Итак, искусство стало моральным, и не было недостатка в язвительных замечаниях со стороны скептической психологии, утверждавшей, что оно стало таковым из тщеславия, ради повышения и углубления производимого эффекта, ибо цель-то – прежде всего эффект; и не стоит слишком морально относиться к этому морализму, ибо тем самым искусство лишь приобретает достоинство, или полагает, что приобретает; а вообще-то талант, от природы низкий, даже обезьяний, вздумал претендовать на осанну, для чего дух ему – в самый раз. Но только какая же психология сравнится с искусством, этим загадочным существом с лукаво посаженными глазами, серьёзным в игре и со всей серьёзностью играющим формами, обман, блистательные подражания, чистосердечная мистификация которого одновременно сотрясают человеческую грудь не поддающимися описанию рыданиями и смехом! Связь с моралью, то есть с духом радикального критицизма, не нанесла завлекающему в жизнь искусству никакого ущерба; подталкивая жизнь к чувственно-надчувственному самосозерцанию, к напряжённейшему самоосмыслению и самоощущению, искусство, даже если бы хотело (а иногда оно полагает или создаёт впечатление, будто хочет), не может не дарить жизнь новой радостью от себя, новым желанием себя, даже когда его критицизм видится нигилистическим, радикально враждебным жизни.

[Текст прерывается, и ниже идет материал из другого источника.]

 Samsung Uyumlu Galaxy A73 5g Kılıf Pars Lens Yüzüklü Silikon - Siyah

Нам известны случаи, когда искусство «предаёт» себя в двойном смысле, предаёт свою суть; когда, дабы повернуться спиной к жизни, оно вынуждено повернуться спиной к самому себе (такова толстовская «Крейцерова соната»). Пророческая грань таланта отрицает искусство, проповедуя целомудрие. На возражения: «Но так иссякнет жизнь» – художник-пророк отвечает: «Да будет так!» Это ответ духа. «Разве жизнь аргумент?» И после этого вопроса духа в самом деле воцаряется молчание. Но как же странно, какое ребяческое противоречие – предлагать людям подобное учение, подобный вопрос в форме художественного повествования, то есть на путях увлекательности!

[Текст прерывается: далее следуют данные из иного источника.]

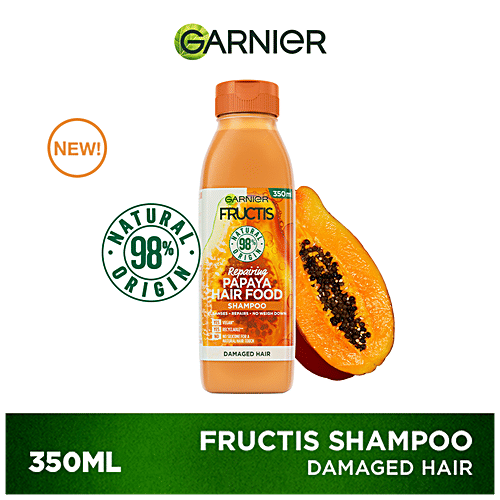 Garnier Fructis - Repairing Papaya Shampoo Hair Food, For Damaged Hair, Detangles, Nourishes, Prevents Damage, 350 ml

И всё же искусство стоит любви и труда именно в силу этого чудесного противоречия: оно есть или может быть усладой жизни и одновременно расправой над ней, воспевать её, восславлять радостным воспроизведением – и изничтожать критическим морализмом; оно в равной степени пробуждает радость и совесть. Миссия искусства в том, что оно консервативно и в то же время радикально, что, выражаясь дипломатически, оно наладило равно дружественные отношения и с жизнью, и с чистым духом, заняло между духом и жизнью срединно-посредническое положение. В этом источник иронии… Но в этом же и родство, сходство – если оно вообще существует – искусства с политикой, поскольку политика тоже по-своему занимает посредническое положение между чистым духом и жизнью и не заслуживает своего названия, если только охранительна или только радикально-деструктивна! Однако из-за этого сходства положений делать из художника политика было бы недоразумением, ибо задача художника – будить и не давать уснуть совести жизни, задача вообще не политическая, скорее религиозная. Один крупный невролог как-то дал следующее определение совести: «социальный страх». Это, при всём уважении, неприятно «современное» определение – типичный пример, как сегодня всю нравственность и религиозность растворяют в социальности. Интересно, что общего имели с общественной идеей, к примеру, одинокие терзания и совестные сражения Лютера в монастыре, прежде чем он непредвиденно стал реформатором, а значит, осоциалился… Но скажи кто-нибудь, что задача искусства – будить страх Божий, подводя жизнь к судейскому лику чистого духа, я бы спорить не стал.
* * *
Никто не осмелится утверждать, что переживание мира, как его понимает радикальный дух, особо полезно искусству. Личностным жизненным итогом стала бы в таком случае постоянная ярость на всё, что предлагает глазу государственная и общественная жизнь людей, например, во время путешествий. «Дух» видит храмы – фабрики – пролетариев – военных – полицейских – проституток – власть техники и промышленности – банковские здания – бедность – богатство, тысячи жизненных форм, выросших из человеческого. Всё это глупо, грубо, низко, всё против духа – целомудренной пустоты. «Человек духа» вообще не выберется из раздражения, молчаливого ожесточения, внутреннего противоречия, из ненависти и протеста. Что общего подобный жизненный настрой, подобный взгляд, бесконечный протест во имя пристойной пустоты имеет с художничеством, вам стоит спросить у того, кто путает художника с работником умственного труда; мне это неизвестно. Художничество, полностью погрузившееся в такое политически-критическое созерцание, напрочь разучившееся смотреть на явления мира детским, непредвзятым, доверчивым взглядом и не способное уже видеть предмет как что-то уютно пригревшееся в колыбели божественного для него замысла, как что-то жизнерадостно посматривающее по сторонам и имеющее право ожидать точно такого же взгляда на себя, – не думаю, что такое художничество ещё пригодно для выполнения своих особых задач.